# Activity
Repeat the listing exactly, minus the pictures.

# Provided information
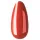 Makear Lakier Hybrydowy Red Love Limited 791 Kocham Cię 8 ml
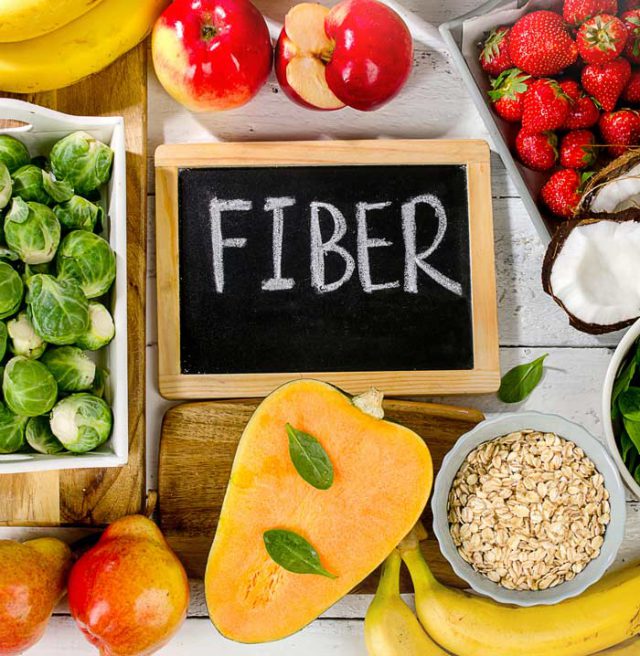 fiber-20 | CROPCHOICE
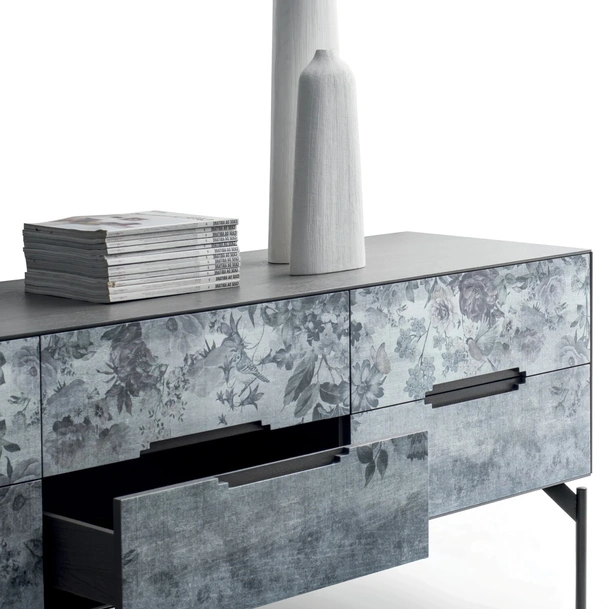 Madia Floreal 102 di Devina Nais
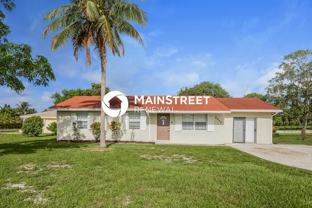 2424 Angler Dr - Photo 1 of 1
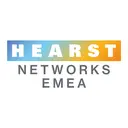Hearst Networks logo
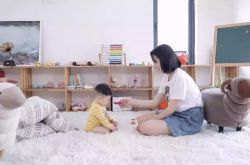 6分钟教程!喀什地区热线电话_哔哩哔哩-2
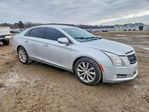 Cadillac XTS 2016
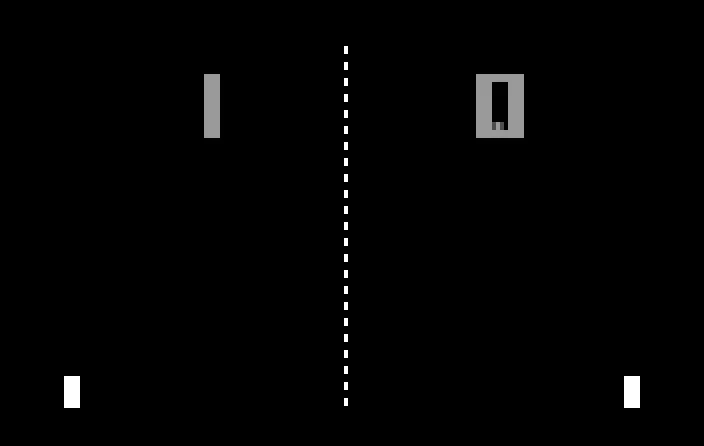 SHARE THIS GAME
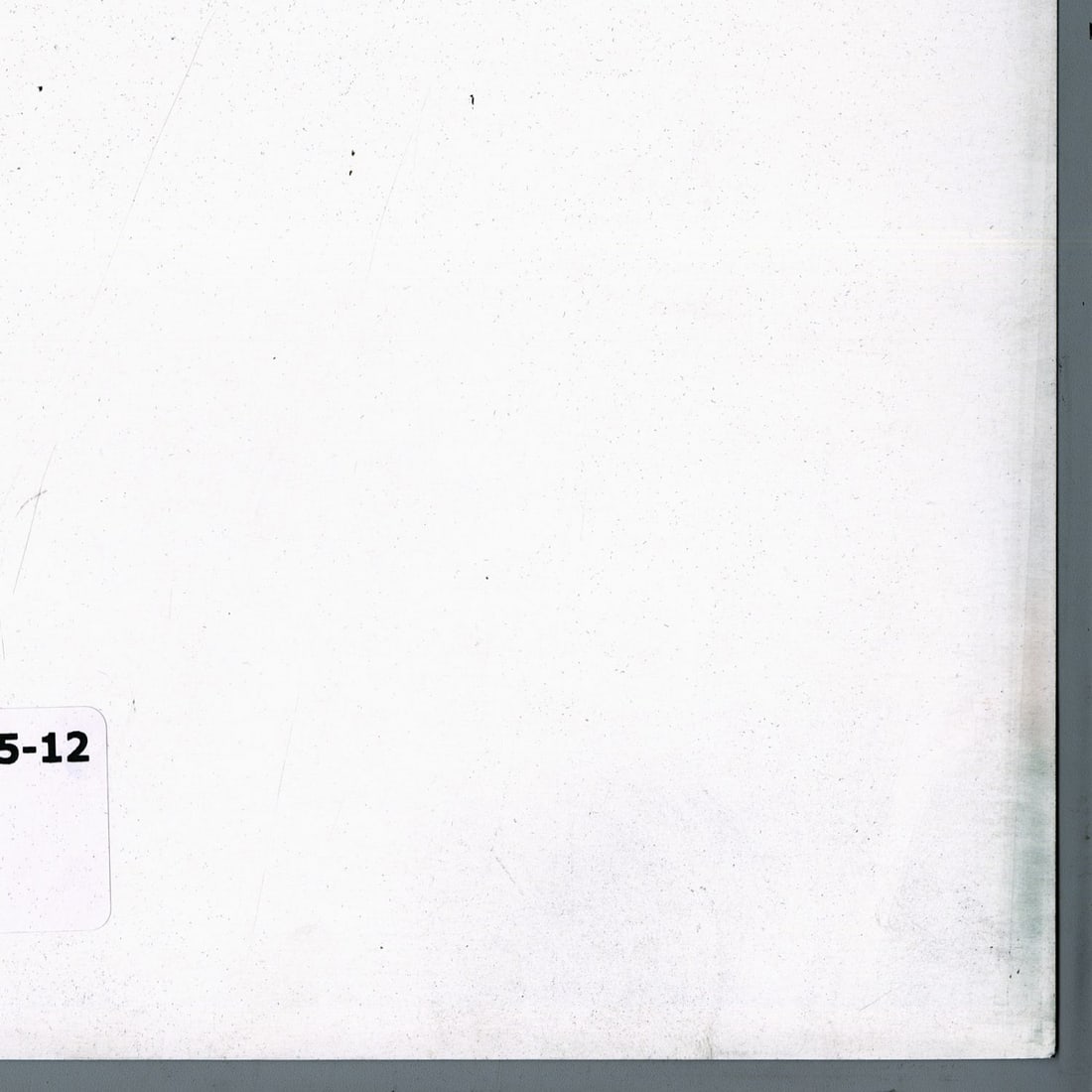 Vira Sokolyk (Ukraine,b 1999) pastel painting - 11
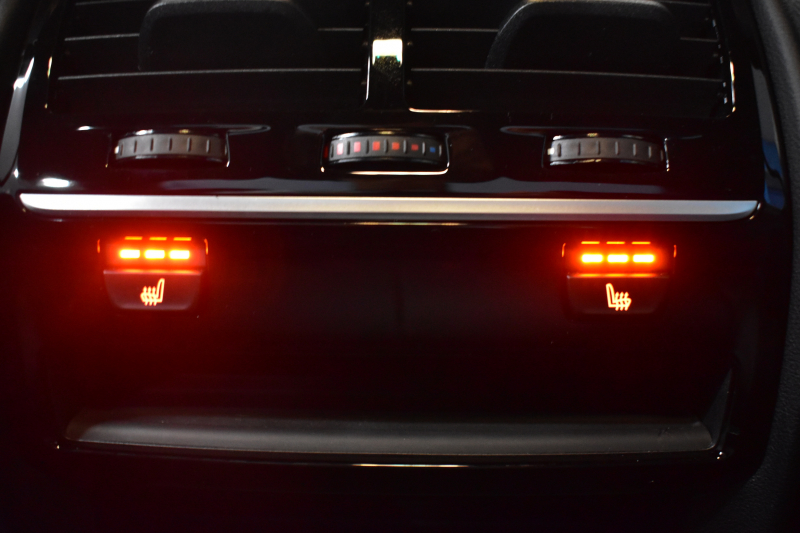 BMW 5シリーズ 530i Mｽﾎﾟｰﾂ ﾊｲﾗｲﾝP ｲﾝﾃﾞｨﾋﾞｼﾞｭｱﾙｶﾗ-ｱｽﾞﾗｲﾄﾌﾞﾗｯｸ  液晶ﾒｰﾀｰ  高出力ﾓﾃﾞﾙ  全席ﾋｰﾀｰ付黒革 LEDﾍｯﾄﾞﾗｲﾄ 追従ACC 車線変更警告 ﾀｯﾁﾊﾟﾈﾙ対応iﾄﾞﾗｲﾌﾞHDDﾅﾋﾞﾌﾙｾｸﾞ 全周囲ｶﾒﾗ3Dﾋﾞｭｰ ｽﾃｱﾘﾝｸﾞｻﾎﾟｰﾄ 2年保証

# Response
 Makear Lakier Hybrydowy Red Love Limited 791 Kocham Cię 8 ml
 fiber-20 | CROPCHOICE
 Madia Floreal 102 di Devina Nais
 2424 Angler Dr - Photo 1 of 1
Hearst Networks logo
 6分钟教程!喀什地区热线电话_哔哩哔哩-2
 Cadillac XTS 2016
 SHARE THIS GAME
 Vira Sokolyk (Ukraine,b 1999) pastel painting - 11
 BMW 5シリーズ 530i Mｽﾎﾟｰﾂ ﾊｲﾗｲﾝP ｲﾝﾃﾞｨﾋﾞｼﾞｭｱﾙｶﾗ-ｱｽﾞﾗｲﾄﾌﾞﾗｯｸ  液晶ﾒｰﾀｰ  高出力ﾓﾃﾞﾙ  全席ﾋｰﾀｰ付黒革 LEDﾍｯﾄﾞﾗｲﾄ 追従ACC 車線変更警告 ﾀｯﾁﾊﾟﾈﾙ対応iﾄﾞﾗｲﾌﾞHDDﾅﾋﾞﾌﾙｾｸﾞ 全周囲ｶﾒﾗ3Dﾋﾞｭｰ ｽﾃｱﾘﾝｸﾞｻﾎﾟｰﾄ 2年保証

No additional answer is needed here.